> [Exercise description] Please set down the data word for word; images do not go in the copy.

> [Stored data]

= = =

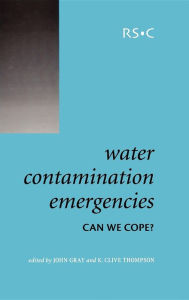 Title: Water Contamination Emergencies: Can We Cope?, Author: John Fawell
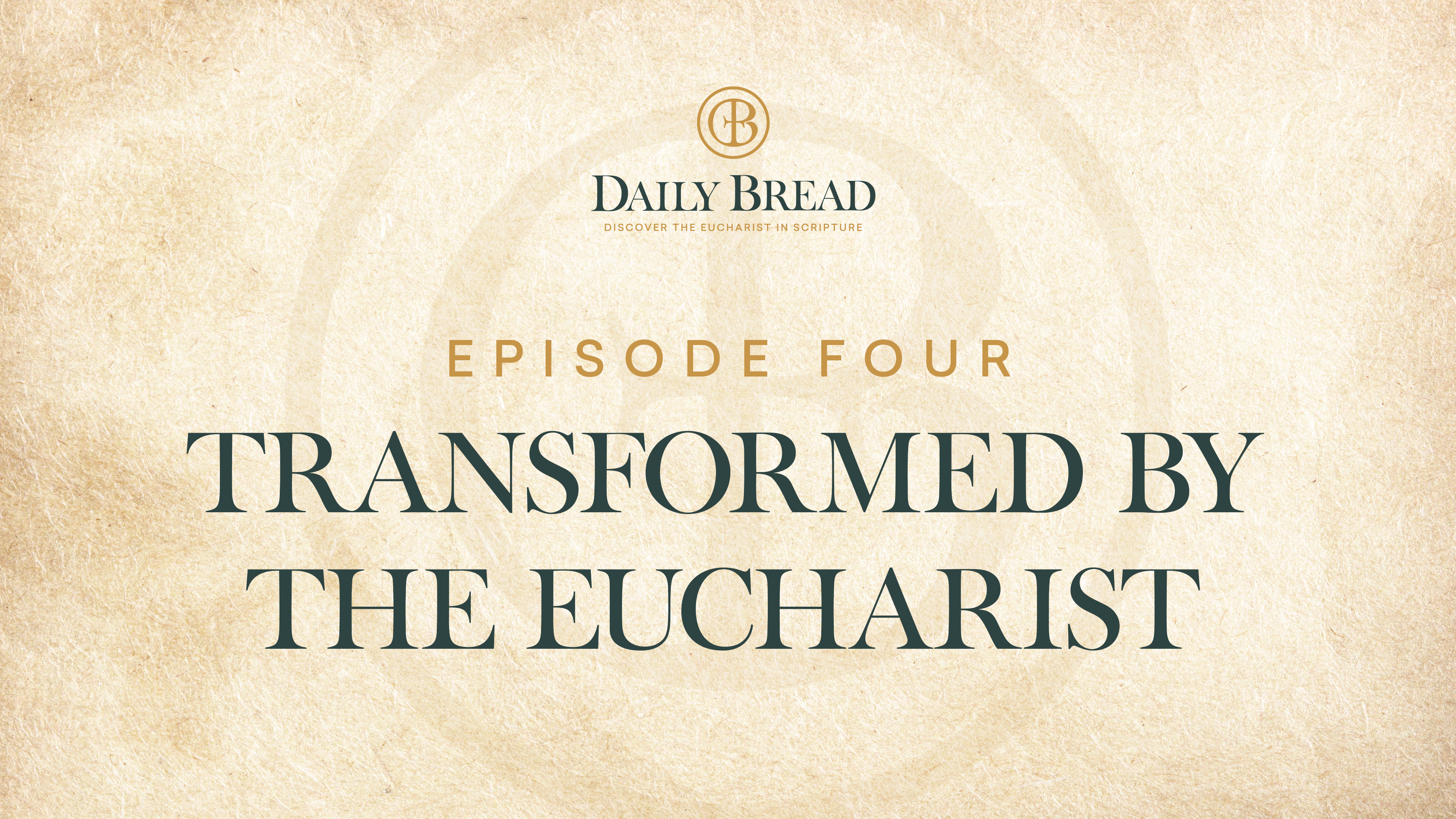 Transformed by the Eucharist | Daily Bread | Episode 4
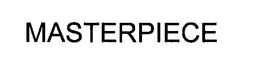 MASTERPIECE trademark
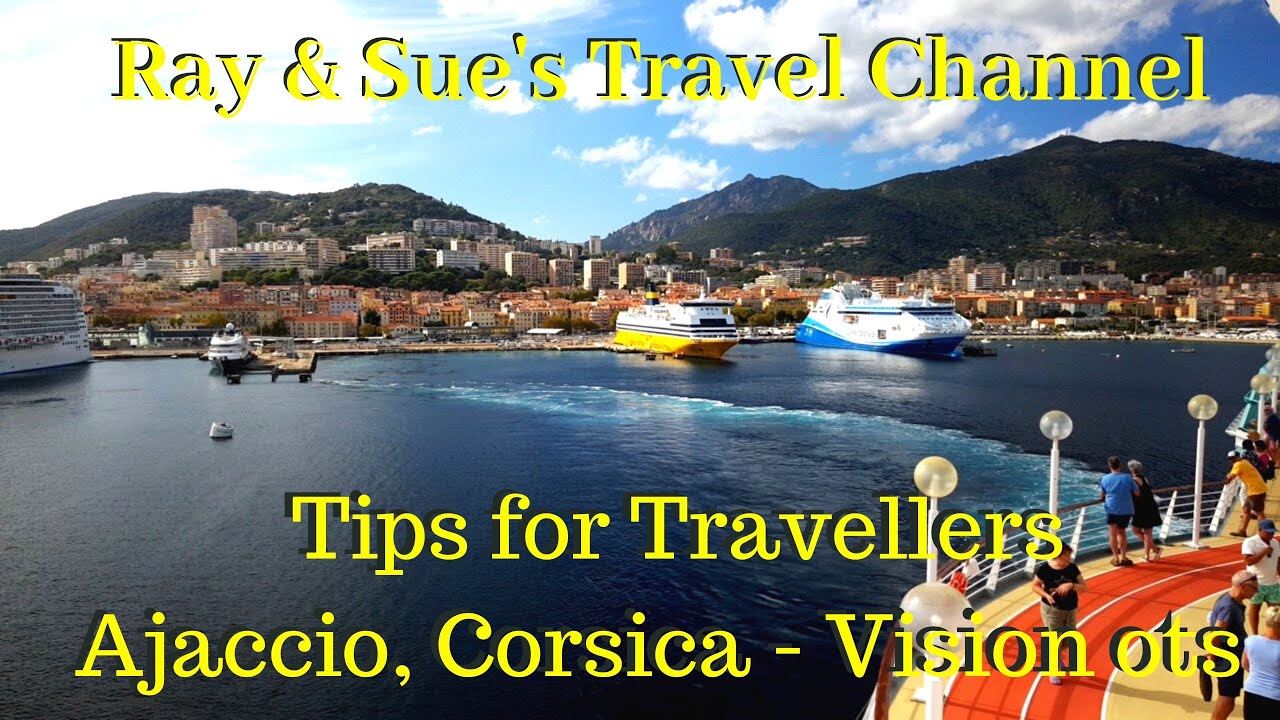 Vision of the Seas Ajaccio Corsica Port Tour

= = =

> [Result of the exercise]
 Title: Water Contamination Emergencies: Can We Cope?, Author: John Fawell
 Transformed by the Eucharist | Daily Bread | Episode 4
 MASTERPIECE trademark
 Vision of the Seas Ajaccio Corsica Port Tour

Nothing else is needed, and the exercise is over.